Work to complete =>
Only the lines from the beginning of the listing below through the line with "Java Mastery Series ☕ | EP 01" belong in the answer; please print them exactly and drop the pictures.
═══ Information
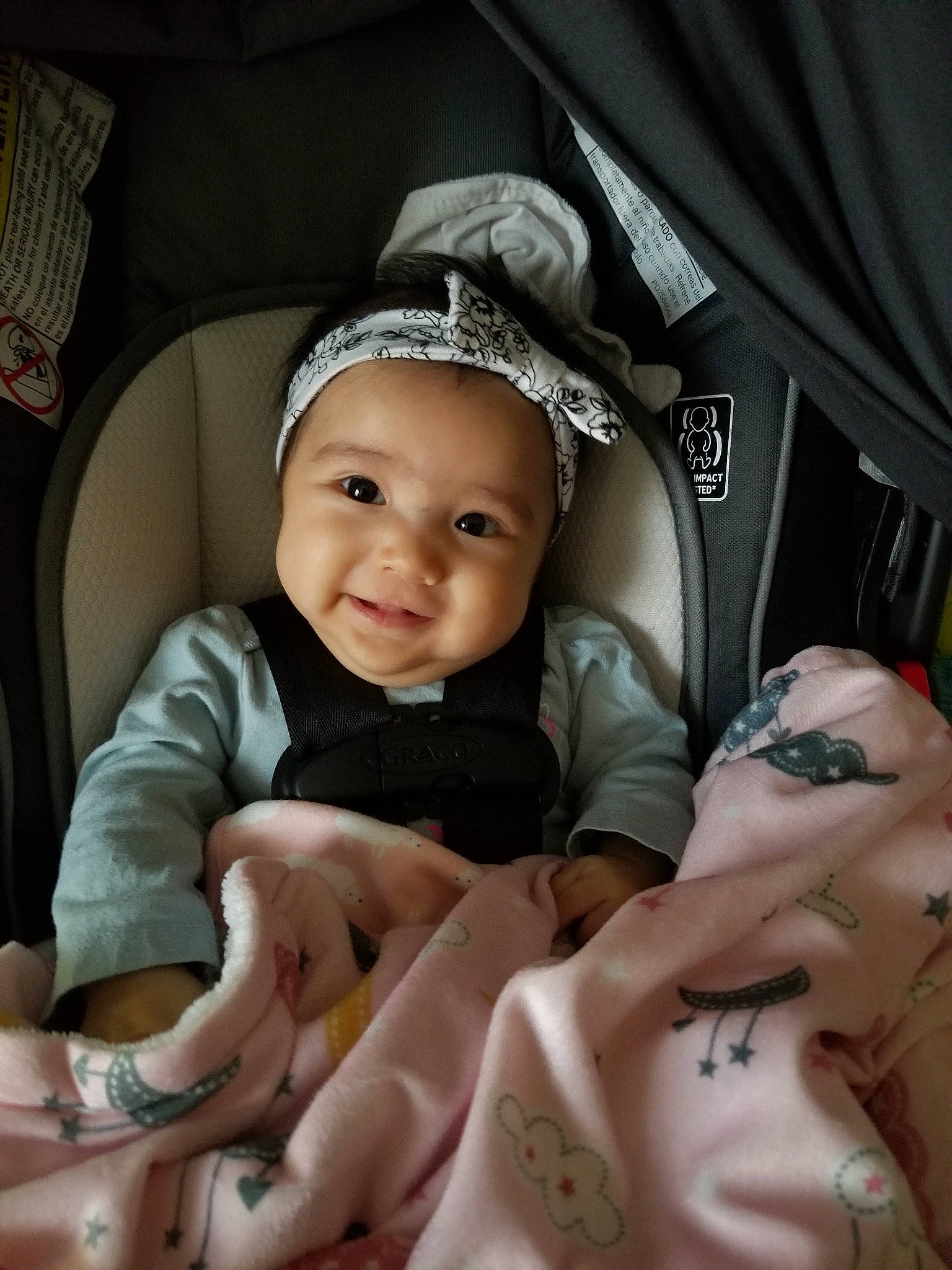 Savannah is registered to the contest to win money with this photo: child, eye, finger, fun, girl, hair_accessory, hand, head, headgear, infant, person, product, skin, smile, toddler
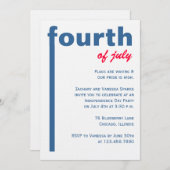 Amerikanische Unabhängigkeitstag Einladung (Vorne/Hinten)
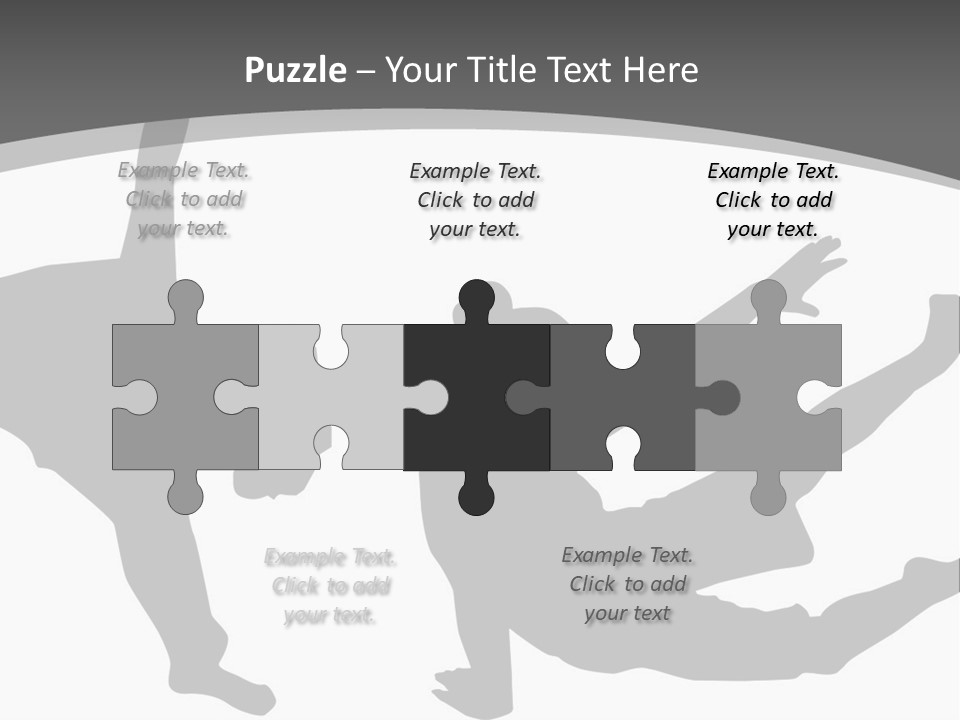 Exercise Posture Girl PowerPoint Template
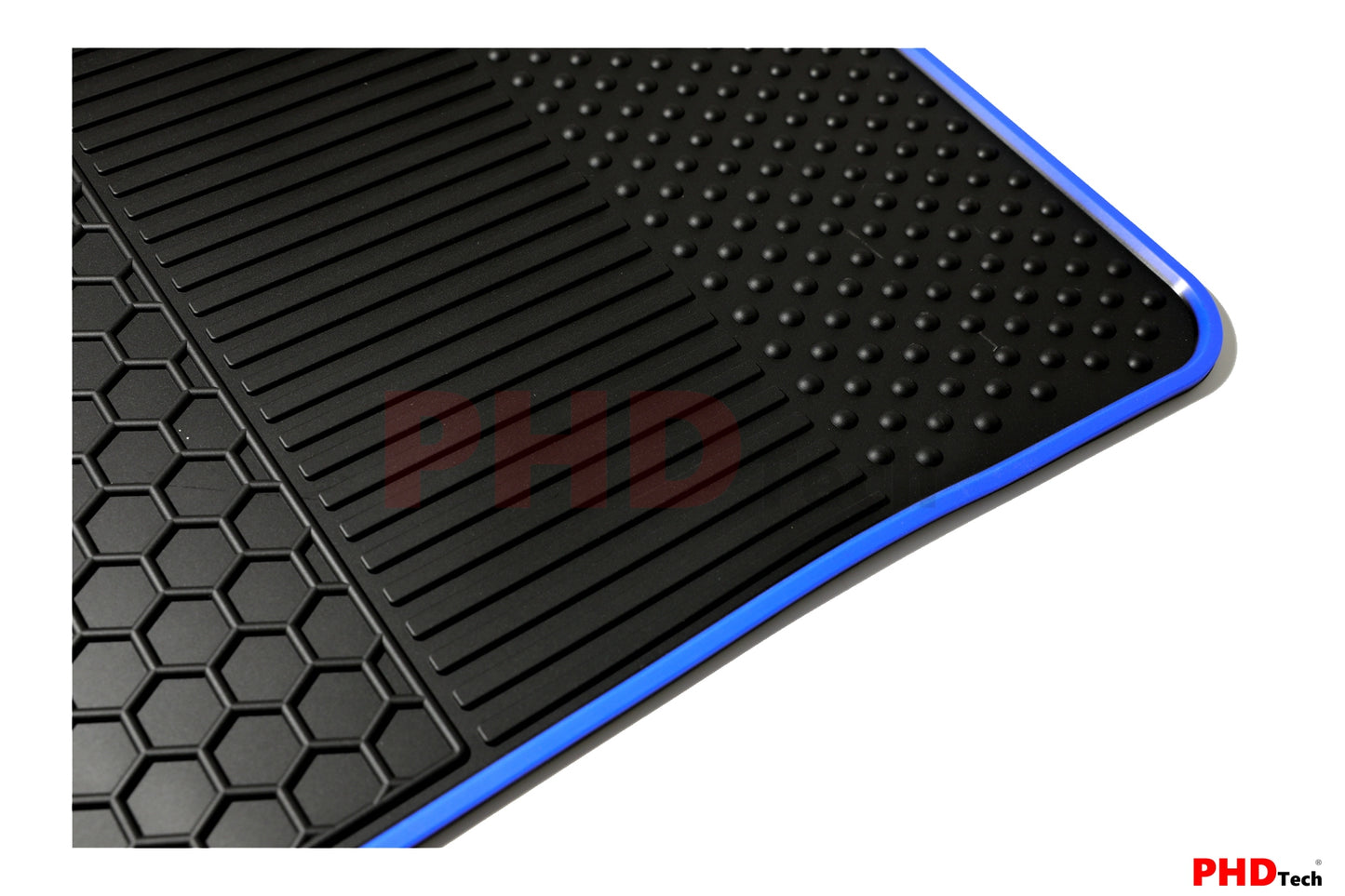 All Weather Rubber Car Floor Mats Fit ISUZU D-MAX Dual Cab DMAX 2021~ Blue Trim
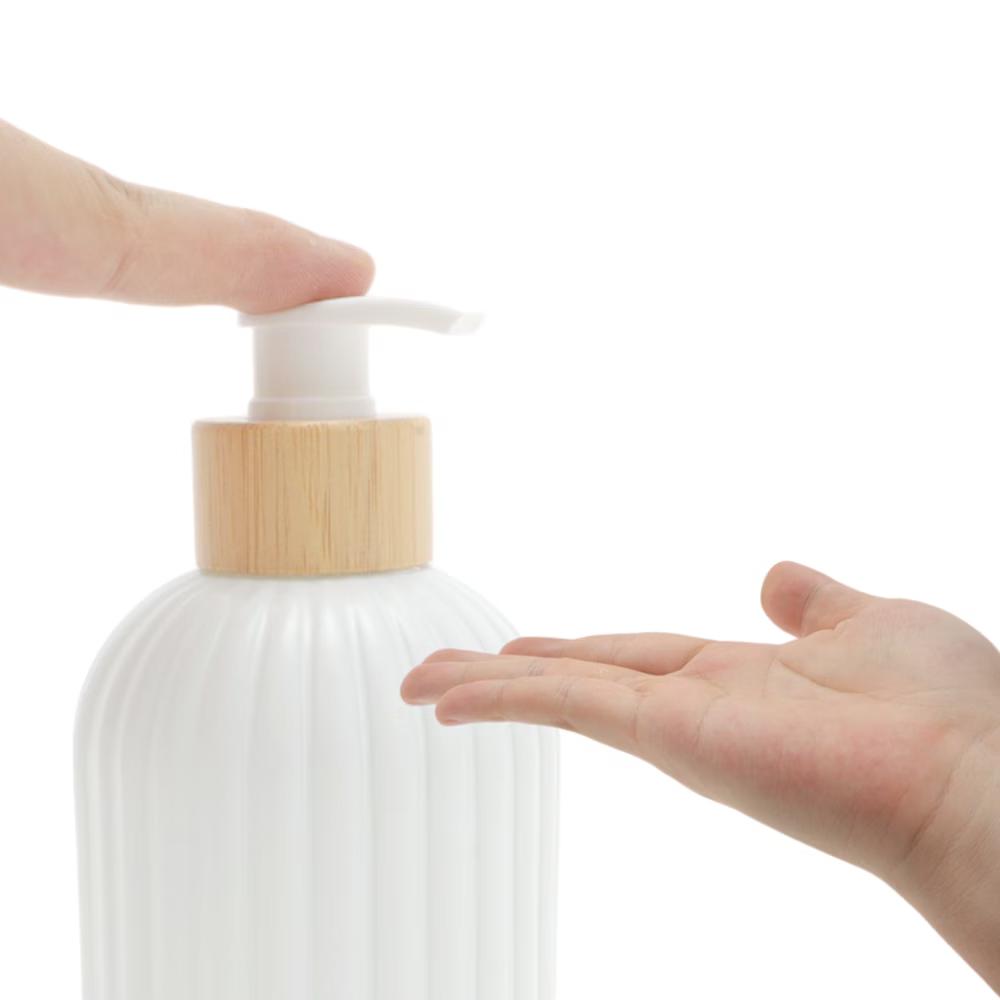 Durable Round Bottom Vertical Stripe Soap Dispenser 13.53oz 1 Pc - Image 10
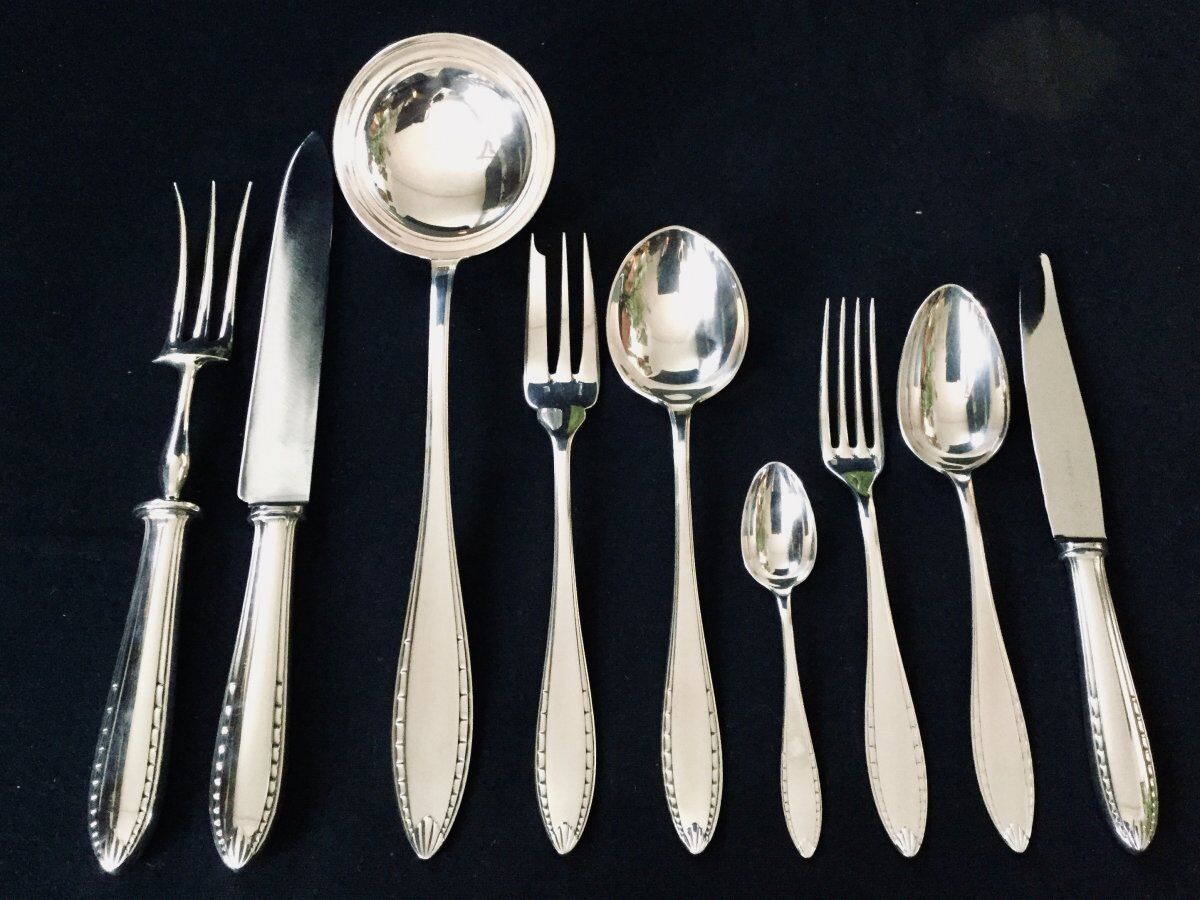 Housewife 53 pieces Christofle model Albatros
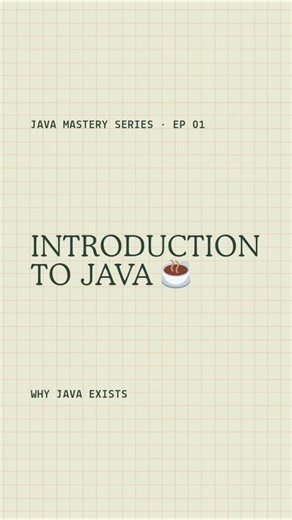 Java Mastery Series ☕ | EP 01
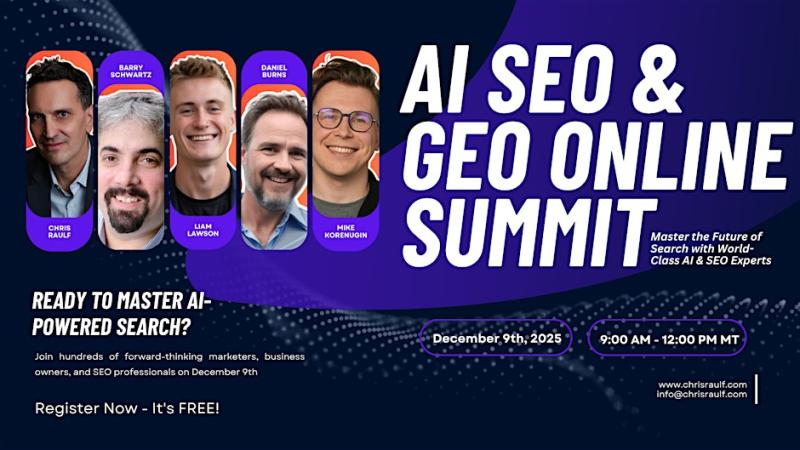 AI SEO & GEO Online Summit 2025 – The Future of Search Starts Here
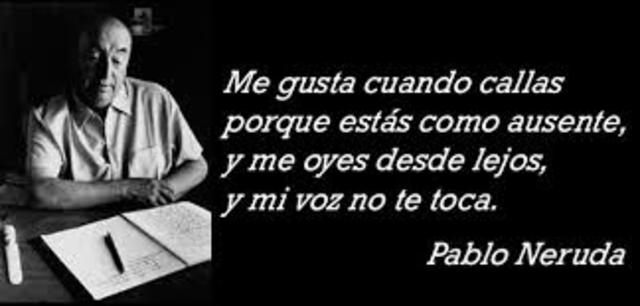 Me gustas cuando callas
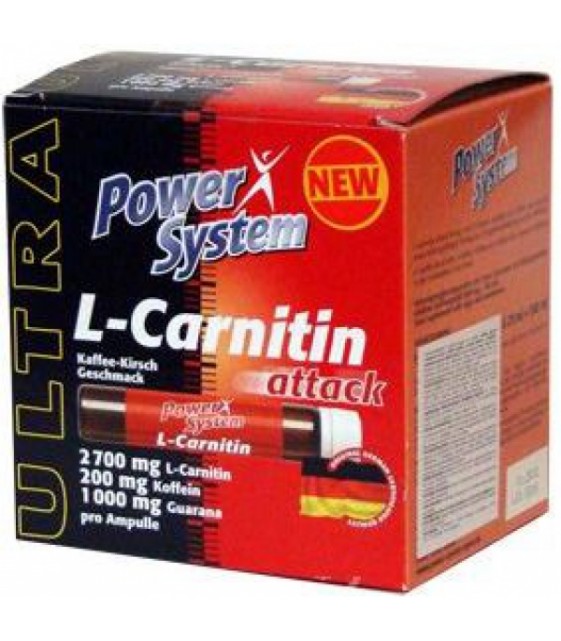 L-Carnitine Attack 3600 L-карнитин в 20 амп.Power System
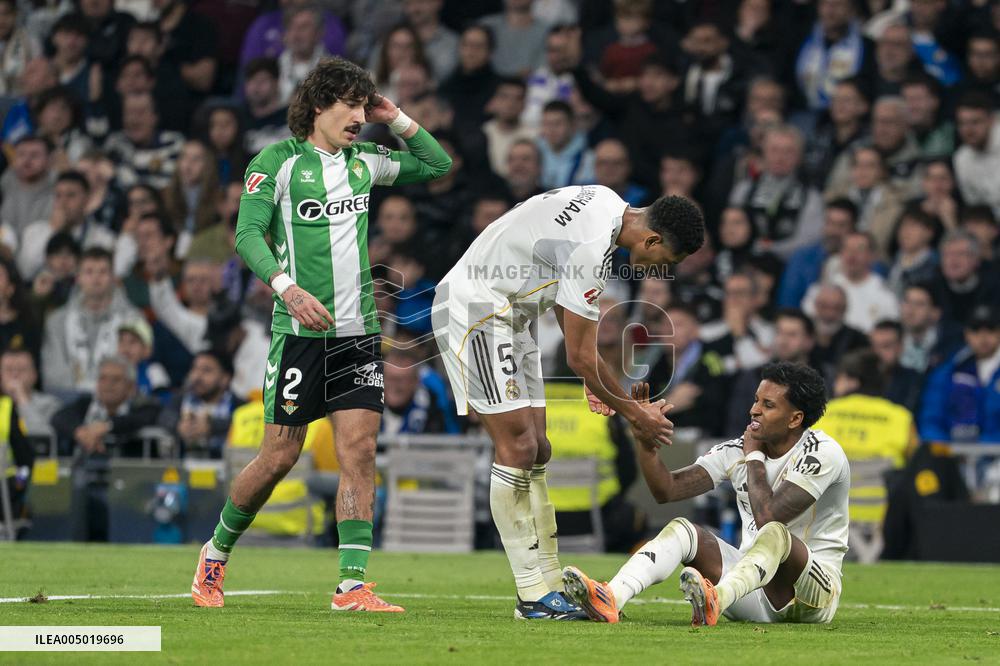 Real Madrid CF v Real Betis Balompie La Liga - Madrid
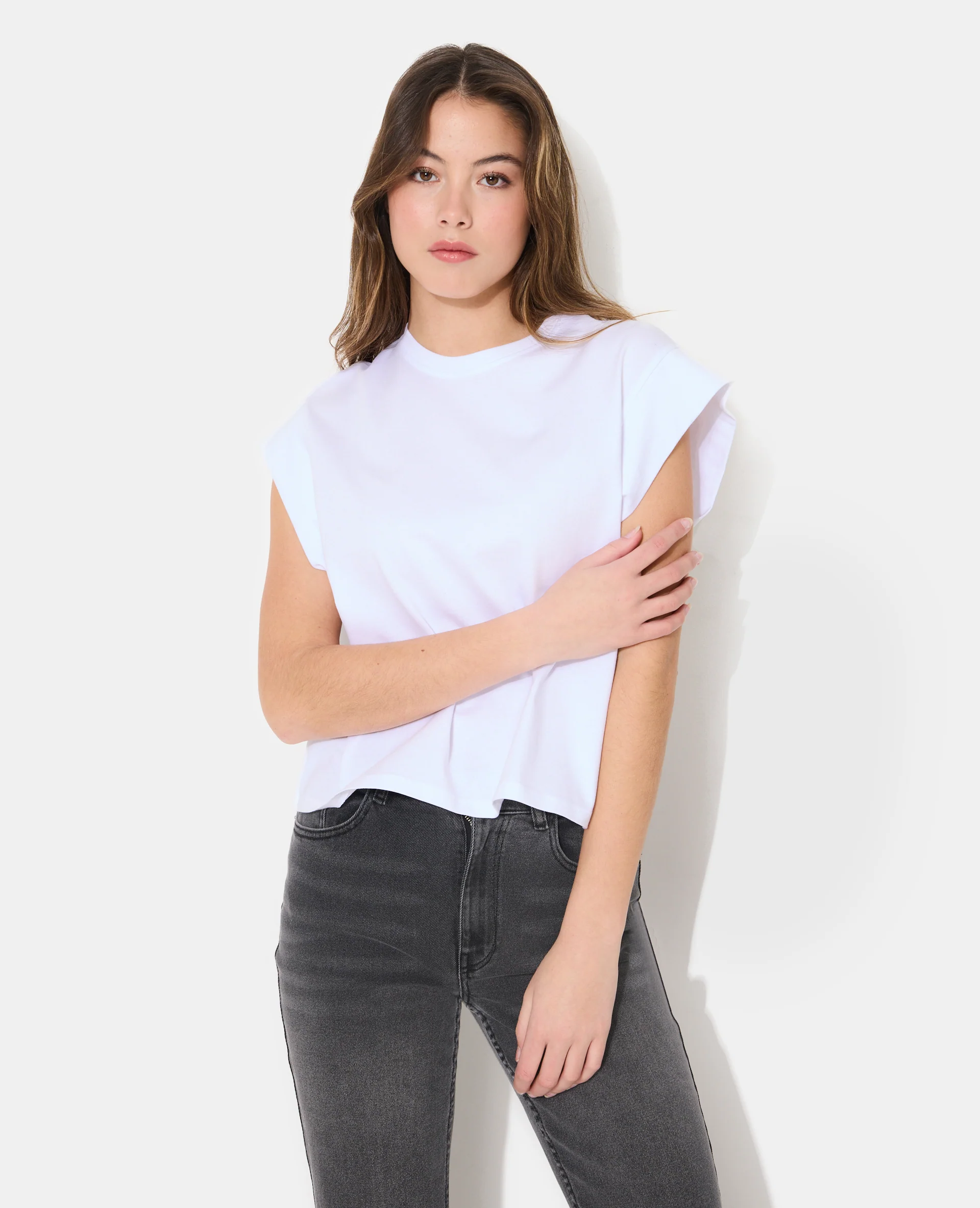 T-shirt Ă mancherons - Image 5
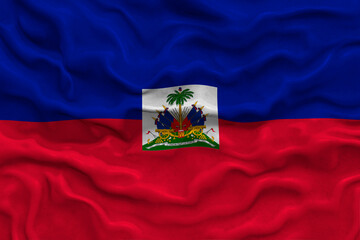 National flag  of Haiti. Background  with flag  of Haiti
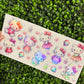 Q10 Pink Cat Party Holographic UVDTF WRAPS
══════
Answer section =>
 Savannah is registered to the contest to win money with this photo: child, eye, finger, fun, girl, hair_accessory, hand, head, headgear, infant, person, product, skin, smile, toddler
 Amerikanische Unabhängigkeitstag Einladung (Vorne/Hinten)
 Exercise Posture Girl PowerPoint Template
 All Weather Rubber Car Floor Mats Fit ISUZU D-MAX Dual Cab DMAX 2021~ Blue Trim
 Durable Round Bottom Vertical Stripe Soap Dispenser 13.53oz 1 Pc - Image 10
 Housewife 53 pieces Christofle model Albatros
 Java Mastery Series ☕ | EP 01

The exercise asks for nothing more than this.